Records for the exercise |
-- -- --

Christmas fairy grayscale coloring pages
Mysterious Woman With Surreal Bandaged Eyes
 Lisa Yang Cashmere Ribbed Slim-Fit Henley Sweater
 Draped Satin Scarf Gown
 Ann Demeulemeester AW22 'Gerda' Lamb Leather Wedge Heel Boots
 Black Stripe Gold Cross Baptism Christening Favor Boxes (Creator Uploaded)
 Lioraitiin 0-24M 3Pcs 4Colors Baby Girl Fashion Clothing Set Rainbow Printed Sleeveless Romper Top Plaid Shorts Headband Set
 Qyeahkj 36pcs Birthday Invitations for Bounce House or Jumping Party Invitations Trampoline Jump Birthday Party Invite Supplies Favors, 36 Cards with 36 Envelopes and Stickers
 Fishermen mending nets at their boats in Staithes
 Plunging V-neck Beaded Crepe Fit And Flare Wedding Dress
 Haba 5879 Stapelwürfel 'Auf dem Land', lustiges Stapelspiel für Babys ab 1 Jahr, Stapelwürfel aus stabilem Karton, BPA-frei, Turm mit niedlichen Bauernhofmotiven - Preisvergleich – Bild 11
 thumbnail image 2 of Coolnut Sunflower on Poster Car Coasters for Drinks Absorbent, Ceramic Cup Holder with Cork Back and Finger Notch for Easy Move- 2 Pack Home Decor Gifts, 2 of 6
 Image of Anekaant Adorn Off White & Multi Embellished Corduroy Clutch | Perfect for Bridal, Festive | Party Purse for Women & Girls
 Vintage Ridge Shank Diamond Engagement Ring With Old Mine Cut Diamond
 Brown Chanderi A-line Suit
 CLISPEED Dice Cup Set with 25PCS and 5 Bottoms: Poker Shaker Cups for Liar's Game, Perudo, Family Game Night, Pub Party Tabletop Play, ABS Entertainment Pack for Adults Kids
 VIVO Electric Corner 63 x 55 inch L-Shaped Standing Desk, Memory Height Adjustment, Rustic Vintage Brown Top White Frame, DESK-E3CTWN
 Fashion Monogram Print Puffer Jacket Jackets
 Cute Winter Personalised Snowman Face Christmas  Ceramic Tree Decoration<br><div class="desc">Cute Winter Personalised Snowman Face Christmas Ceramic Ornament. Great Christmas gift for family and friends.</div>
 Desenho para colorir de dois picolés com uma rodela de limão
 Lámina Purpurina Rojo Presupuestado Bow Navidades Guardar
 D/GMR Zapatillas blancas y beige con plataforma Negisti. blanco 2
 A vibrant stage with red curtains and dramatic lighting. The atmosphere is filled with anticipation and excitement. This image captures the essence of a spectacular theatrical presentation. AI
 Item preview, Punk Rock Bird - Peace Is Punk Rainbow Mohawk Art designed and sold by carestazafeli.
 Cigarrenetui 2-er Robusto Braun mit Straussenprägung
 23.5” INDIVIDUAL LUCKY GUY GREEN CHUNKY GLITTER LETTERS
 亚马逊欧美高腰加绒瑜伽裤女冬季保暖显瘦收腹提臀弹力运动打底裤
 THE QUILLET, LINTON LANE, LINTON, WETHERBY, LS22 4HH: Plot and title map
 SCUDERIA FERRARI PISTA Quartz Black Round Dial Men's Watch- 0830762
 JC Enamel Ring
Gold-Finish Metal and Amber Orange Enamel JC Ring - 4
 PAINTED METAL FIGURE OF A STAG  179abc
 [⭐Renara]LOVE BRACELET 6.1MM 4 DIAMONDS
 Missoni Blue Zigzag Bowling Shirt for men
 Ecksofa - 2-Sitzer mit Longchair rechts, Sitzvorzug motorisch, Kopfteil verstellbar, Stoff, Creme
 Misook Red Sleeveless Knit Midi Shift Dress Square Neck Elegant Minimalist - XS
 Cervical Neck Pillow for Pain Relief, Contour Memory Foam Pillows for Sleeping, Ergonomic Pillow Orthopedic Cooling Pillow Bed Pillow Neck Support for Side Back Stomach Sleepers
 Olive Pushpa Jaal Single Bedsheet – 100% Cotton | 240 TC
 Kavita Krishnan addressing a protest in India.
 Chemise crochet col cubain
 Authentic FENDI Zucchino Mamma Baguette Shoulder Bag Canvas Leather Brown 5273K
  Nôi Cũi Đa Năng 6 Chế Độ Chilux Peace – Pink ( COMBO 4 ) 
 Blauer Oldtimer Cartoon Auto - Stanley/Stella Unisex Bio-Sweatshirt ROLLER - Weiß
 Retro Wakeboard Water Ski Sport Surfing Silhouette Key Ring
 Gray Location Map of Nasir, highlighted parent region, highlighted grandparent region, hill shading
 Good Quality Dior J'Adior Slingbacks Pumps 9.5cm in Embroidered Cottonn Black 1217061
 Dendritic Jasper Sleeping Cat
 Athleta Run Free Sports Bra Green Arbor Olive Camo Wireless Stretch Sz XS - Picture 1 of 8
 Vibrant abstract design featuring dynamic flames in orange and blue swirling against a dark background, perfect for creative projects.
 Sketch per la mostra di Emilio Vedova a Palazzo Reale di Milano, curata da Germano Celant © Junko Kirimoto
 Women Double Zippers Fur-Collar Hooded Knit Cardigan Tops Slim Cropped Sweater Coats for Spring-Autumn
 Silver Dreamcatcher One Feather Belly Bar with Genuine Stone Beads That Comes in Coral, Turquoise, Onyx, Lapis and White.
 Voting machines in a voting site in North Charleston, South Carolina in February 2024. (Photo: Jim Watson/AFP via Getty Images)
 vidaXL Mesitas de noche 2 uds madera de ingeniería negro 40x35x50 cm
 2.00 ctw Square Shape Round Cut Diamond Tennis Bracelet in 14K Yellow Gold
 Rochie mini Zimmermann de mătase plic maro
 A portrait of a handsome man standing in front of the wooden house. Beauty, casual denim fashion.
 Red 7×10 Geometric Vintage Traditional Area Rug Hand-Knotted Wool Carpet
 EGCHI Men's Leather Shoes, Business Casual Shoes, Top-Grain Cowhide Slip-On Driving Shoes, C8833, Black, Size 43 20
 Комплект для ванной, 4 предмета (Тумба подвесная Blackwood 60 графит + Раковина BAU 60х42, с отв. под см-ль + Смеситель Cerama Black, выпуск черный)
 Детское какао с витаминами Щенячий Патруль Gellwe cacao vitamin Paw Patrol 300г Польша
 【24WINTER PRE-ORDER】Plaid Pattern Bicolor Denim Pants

-- -- --

Action item |
For this exercise, copy each line from the listing above that has the word "Christmas".

Exercise answer |
Christmas fairy grayscale coloring pages
 Cute Winter Personalised Snowman Face Christmas  Ceramic Tree Decoration<br><div class="desc">Cute Winter Personalised Snowman Face Christmas Ceramic Ornament. Great Christmas gift for family and friends.</div>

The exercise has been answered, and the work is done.